While the UN devotes its human rights operations to the demonization of the democratic state of Israel above all others and condemns the United States more often than the vast majority of non-democracies around the world, the voices of real victims around the world must be heard.
Original source
Hundreds of friends of Ayala Shapira, the 11-year-old girl who was seriously wounded after a Molotov cocktail was hurled at the car in which she and her father were traveling in the West Bank last December, urged United Nations Secretary-General Ban Ki-Moon in a letter to issue a harsh "condemnation against burners of children". The letter was sent to the UN Headquarters in New York, and to date, a response has yet to be received.
Shapira, who sustained third degree burns in the attack on December 25, 2014, remains sedated and on a respirator. In the letter sent to Ban, the AMIT Lehava Ulpana students, who go to school with Shapira, called on the UN to "speak out against these terrorists".
The letter detailed the attack on their friend: "Ayala, a descendant of Holocaust survivors...had just been coming back from a program for gifted students in mathematics and was on her way to celebrate a friend's Bat Mitzvah," they wrote. "Her life was cut short. A Molotov cocktail enflamed the car and Ayala was caught on fire. She was pulled out of the burning car by her father and is still hospitalized, sedated and intubated."

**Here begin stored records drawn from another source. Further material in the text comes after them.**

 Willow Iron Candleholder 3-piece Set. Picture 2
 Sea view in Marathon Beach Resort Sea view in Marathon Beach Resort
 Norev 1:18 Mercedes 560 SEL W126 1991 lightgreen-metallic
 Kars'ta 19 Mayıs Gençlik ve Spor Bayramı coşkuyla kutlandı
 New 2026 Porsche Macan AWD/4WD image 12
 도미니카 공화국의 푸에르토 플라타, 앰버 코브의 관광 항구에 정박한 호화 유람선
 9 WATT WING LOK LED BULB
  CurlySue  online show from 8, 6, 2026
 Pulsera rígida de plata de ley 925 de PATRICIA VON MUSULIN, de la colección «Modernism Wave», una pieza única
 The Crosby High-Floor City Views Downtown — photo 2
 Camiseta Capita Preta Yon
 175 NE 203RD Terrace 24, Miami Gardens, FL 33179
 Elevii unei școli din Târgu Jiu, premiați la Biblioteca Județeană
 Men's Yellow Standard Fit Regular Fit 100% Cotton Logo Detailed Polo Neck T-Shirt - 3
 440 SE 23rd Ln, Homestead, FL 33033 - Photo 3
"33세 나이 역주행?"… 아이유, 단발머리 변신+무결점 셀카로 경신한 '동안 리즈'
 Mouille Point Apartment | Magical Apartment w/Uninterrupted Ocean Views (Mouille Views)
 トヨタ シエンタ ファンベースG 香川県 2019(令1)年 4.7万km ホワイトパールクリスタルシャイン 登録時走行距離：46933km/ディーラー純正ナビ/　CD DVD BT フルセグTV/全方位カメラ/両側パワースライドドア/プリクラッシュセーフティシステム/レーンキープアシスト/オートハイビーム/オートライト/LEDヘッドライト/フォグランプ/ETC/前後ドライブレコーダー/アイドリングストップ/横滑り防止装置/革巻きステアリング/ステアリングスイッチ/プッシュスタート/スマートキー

The students voiced their surprise at the fact that neither the United Nations nor the Secretary-General issued a condemnation of the incident. "Ignoring this violence means tacit support of this heinous act," they noted, adding that "it is our right to travel safely on the roads and go to classes and celebrations without fear of terrorists and murderers who seek to destroy us."
Israel's Ambassador to the United Nations, Ron Prosor, also recently called on the Secretary-General and the organization's bodies to speak out against the attack, claiming that "the wave of terrorism shows no sign of abating".
Shapira, he said, suffered "third-degree burns over much of her body and face and is, as we speak, fighting for her life in hospital. Does this disgusting attack on a child merit condemnation? Because I haven't heard one - not from the Palestinian leadership and not from this Council."
Prosor continued on to say: "If you oppose terrorism and you oppose oppression, then you must stand with the Middle East's only democracy. Tell the Palestinians that while we might have a territorial dispute, Israel's right to live in security is beyond dispute".